A review of artist DOUGLAS GORDON's exhibition "The Vanity of Allegory" at the Deutsche Guggenheim, Berlin, 2005. By Harald Fricke. Issue #10 (winter 2005/2006).

Curator, interior architect, a source of ideas, art director and exhibiting artist: Douglas Gordon presents and recreates himself and many other artists in “The Vanity of Allegory” at the Deutsche Guggenheim in Berlin.
By Harald Fricke

The rouge is applied just so to the cheek and the lipstick, also worn perfectly, is a saturated red by Chanel. The stylist has done a fine job, and in a few minutes Andy Warhol will present himself before the camera as a professional drag queen. The Polaroids taken during this session will then be signed by Warhol, since even this bit of gay fun in 1981, which provides the motif for the poster for the exhibition in Berlin, “The Vanity of Allegory,” was, for him, entirely a product of his existence as an artist striving for fame and immortality. Had he not written in his 1977 book, From A to B and Back Again, that drag queens remind us “that some stars aren’t just like you and me”?

In the case of Douglas Gordon’s masquerades, now hanging right next to seven Warhols in drag in Berlin’s Deutsche Guggenheim, one can’t be quite sure he’s pulled this off. His face made up palely, with a black wig here and a platinum blonde one there, are hardly fitted as tightly as those on Warhols transvestites – Gordon hasn’t even shaved the hair off his chest for his 2005 photo series “staying home/going out.”  Gordon seems more to be playing at dress-up; his look is a quotation or, as the title of his earlier photographs of 1996 puts it, Self-portrait as Kurt Cobain, as Andy Warhol, as Myra Hindley, as Marilyn Monroe.

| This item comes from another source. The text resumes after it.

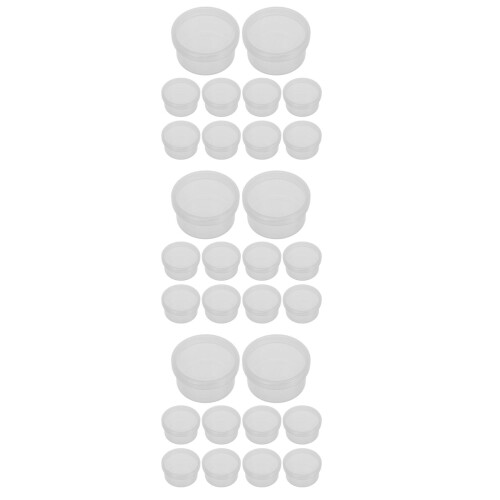 30Pcs Durable Transparent Plastic Storage Boxes Ideal for Cosmetics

Actual similarity to the celebrities has become secondary for Gordon. Instead, he drives references to all the celebrities that have come before him to the absurd. It’s no accident that the rather unimposing and crapulent self-portrait was made in the very year his career took off – after all, Gordon had won the Turner Prize.

Overall, one has to consider the life of the artist, born in 1966 in Glasgow, as one always bordering the line between pop stardom and boy-next-door everyday life. Gordon is a guy quite at home in a soccer stadium but who has nevertheless made it into the Museum of Modern Art, which will soon be staging a retrospective of his work.

His slowed-down, 24-hour version of Hitchcock’s thriller, Psycho, has become one of the icons of video art in the ’90s, and his double projections with scenes from Taxi Driver or The Exorcist could be seen at the Biennale in Venice and Kaspar König’s sculpture garden in Münster. Above all, though, in countless objects, photos, and video works, Gordon has been concerned with the way he sees himself – including distorted images, doppelgangers and other ghosts.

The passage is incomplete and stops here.